Avrupa Konseyi İnsan Hakları Komiseri Nils Muižnieks, Türkiye’de basın ifade özgürlüğü için acil adımlar atılması gerektiğini söyledi; gazeteciler, akademisyenler, milletvekilleri ve sıradan vatandaşlara yönelik giderek artan yargı tacizi ile hükümetin çoğulculuğu yok sayan ve sansüre neden olan müdahaleleriyle Türkiye’de demokratik müzakere alanlarının endişe verici bir şekilde azaldığını ifade etti.
Komiser Muižnieks’in 6 - 14 Nisan ve 27 - 29 Eylül 2016 tarihlerinde gerçekleştirdiği Türkiye ziyaretlerinin ardından hazırladığı “Türkiye’de ifade özgürlüğü ve medya özgürlüğüne ilişkin Memorandum” bugün yayınlandı.
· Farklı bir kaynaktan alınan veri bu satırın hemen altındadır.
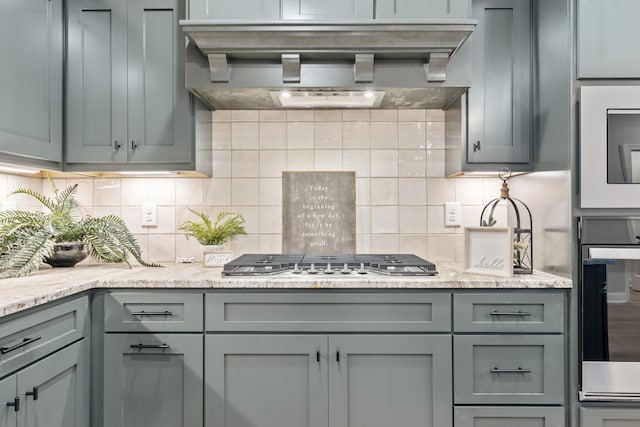 1111 Joe Martin Ln, Lebanon, TN 37087 - kitchen featuring stainless steel gas stovetop, wall chimney range hood, wall oven, decorative backsplash, and gray cabinetry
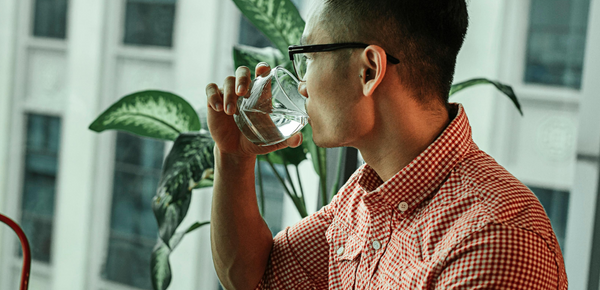 A man drinking a fresh filtered glass of water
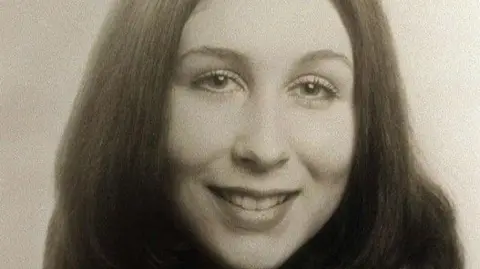 Black and white photo of Debra-Anne Cartwright. She has shoulder length dark hair parted in the middle. She is smiling. 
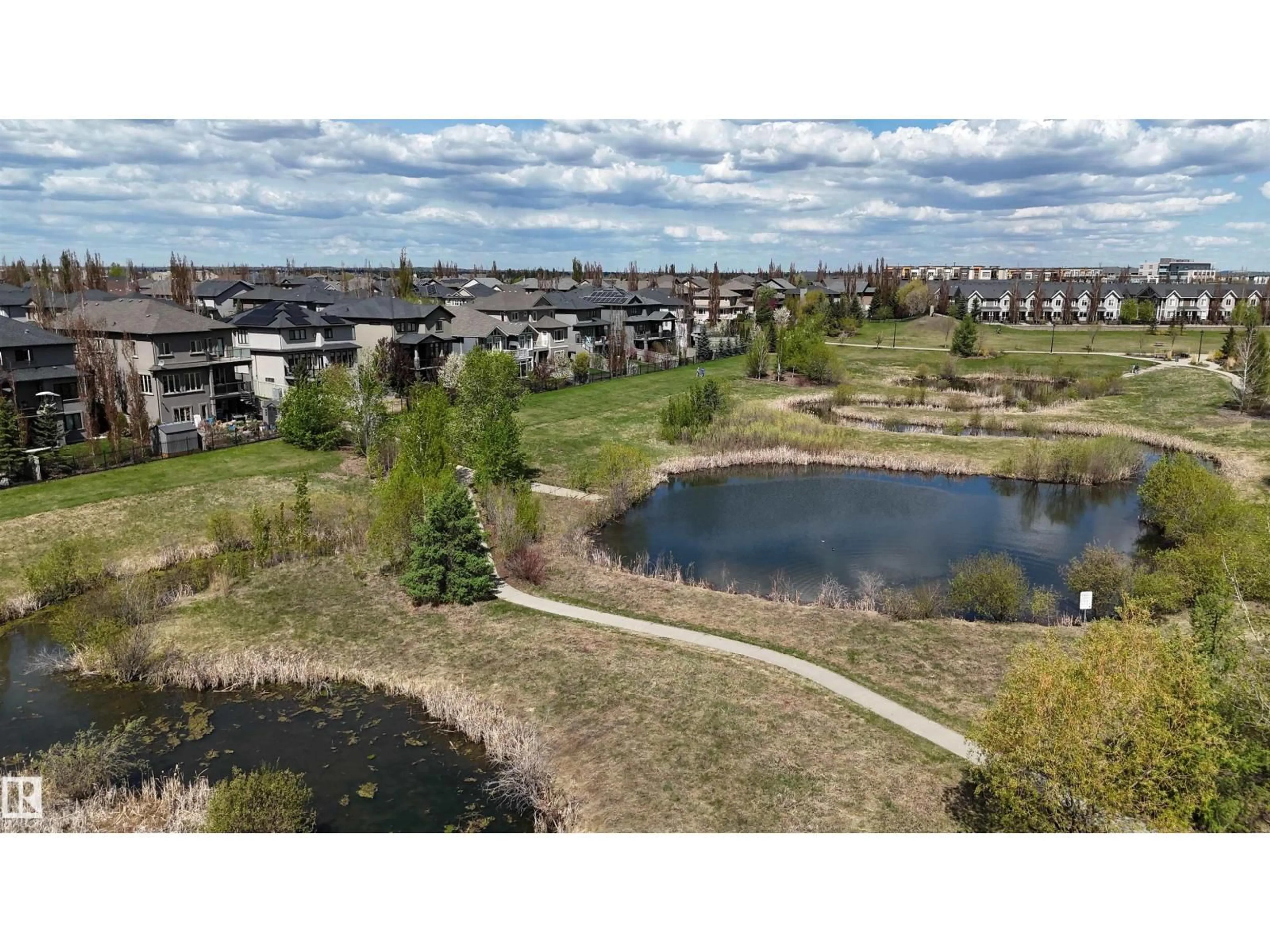 A pic from outside/outdoor area/front of a property/back of a property/a pic from drone, water/lake/river/ocean view for 205 - 1316 WINDERMERE WY, Edmonton Alberta T6W2J3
Medyada çoğulculuk ve bağımsızlık, ifade özgürlüğünü kısıtlayan yargı tacizi, gazetecilerin korunması ve güvenliği ile internet sansürü bölümlerinden oluşan memorandumda, hükümet yanlısı medyanın desteklenmesi, eleştirel medyanın baskı altına alınması ve engellenmesi, medya özgürlüğüne ve bağımsızlığına yönelik doğrudan saldırılar, eleştirel medyanın tamamıyla kapatılması, Meclisteki tartışma alanını sınırlandırmak üzere yargı tacizine başvurulması gibi başlıklar yer aldı.
Raporun Türkçesi için tıklayın.
“Cumhurbaşkanına hakaret davalarının dünyada eşi benzeri yok”
Muižnieks, Türkiye’deki cumhurbaşkanına hakaret davalarının “cumhurbaşkanına hakaretin hala ayrı bir suç sayıldığı devletler de dahil olmak üzere diğer 46 Avrupa Konseyi üye devletinde” eşi benzeri olmadığını ve bu maddenin kullanımının, Cumhurbaşkanına ve bu vesileyle onun desteklediği her tür politikanın her tür eleştirisinin bastırılması için bir araç haline geldiğini vurguladı.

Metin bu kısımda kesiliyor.